We all need to accept that we cannot separate the economic from the moral. Business can only exist and thrive with the democratic consent of the population. Its primary purpose is not to make as much money as possible, in whichever way possible, independent of any ethical framework. 

The American philosopher Ralph Waldo Emerson put it like this: “Doing well is a result of doing good. That’s what capitalism is all about.” Or at least, that’s what it should be about. And this idea needs exploring again, with a renewed focus on “purpose” rather than shareholder value as the driving force for business.

Of course, translating the ambiguous concept of “purpose” into business practicality is proving to be a challenge, as businesses remain under pressure in an uncertain political and economic environment.

Yet there are always ways in which policy initiatives can help those who wish to travel down this road — and to encourage others to do so. That is what I explore in my report.

We must start by accepting that conventional “solutions”, namely getting more people into jobs, haven’t worked — and won’t work. We have reduced unemployment but replaced it with low-wage, uncertain employment.
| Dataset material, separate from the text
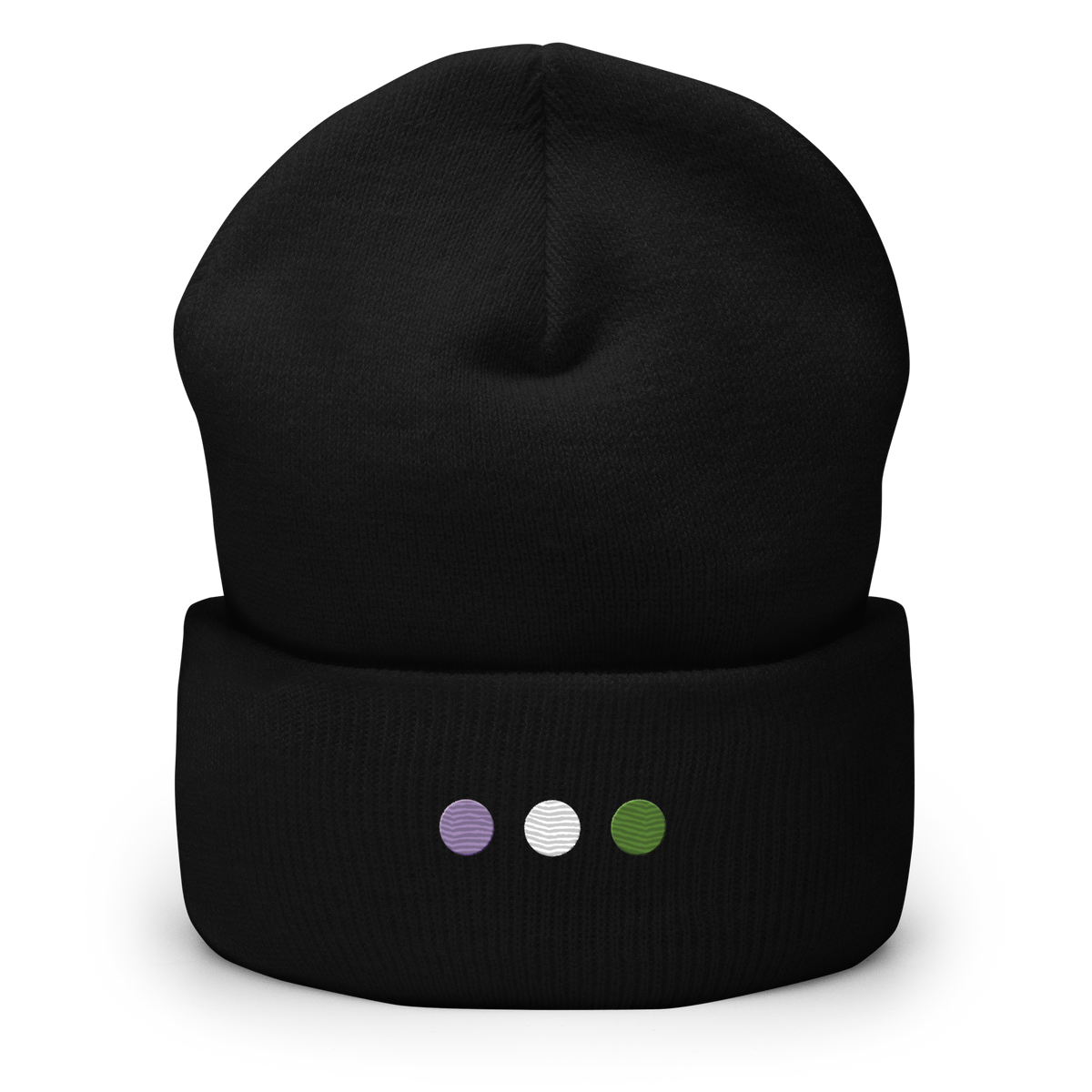 Embroidered Genderqueer Beanie: Pride Flag Horizontal Circle Design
In-work poverty is one of the biggest policy challenges, in the UK and beyond.

And a job is only the start. Personal prosperity matters, yes. Yet people are increasingly recognise that it is insufficient. They also care about other things — clean air, sound mental health, a sustainable natural environment, and having a personal stake in the future of their own communities.

There are a number of initial steps that could begin to address these seemingly intractable issues: making it easier to create employee-owned businesses; differential corporate tax rates that reward socially responsible businesses; reform of company law to broaden, by statute, directors’ duties beyond shareholder primacy; using public procurement as a powerful lever to encourage responsible and sustainable business practice; and radically devolving political power to enable the creation of place-based economies responsive to the needs of local communities and able to harness the skills and talent that exist in every corner of the UK.

And there’s more: we could design a responsible and not fiscally profligate Green New Deal to ensure that business plays a central role in confronting the climate emergency and in restoring environmental damage, and put pressure on competition authorities to wake up and defend the competitive market system to prevent it from falling into a monopolistic, rent-extracting model.

We could make lifelong learning and re-training the rule rather than the exception; champion the flexible working week, thereby offering employment opportunities to many more people, particularly women; and incentivise companies to go beyond a transactional and unreliable relationship with employees to focus on long-term employee wellbeing.

A growing number of businesses are already moving in this direction, and we should support them. Yet they are hampered by an outdated, obsolete public policy framework that penalises forward-looking businesses rather than rewarding them. 

We are stuck in a public policy environment that favours the laggards rather than the innovators. If we are to save our market capitalist system, this has to change.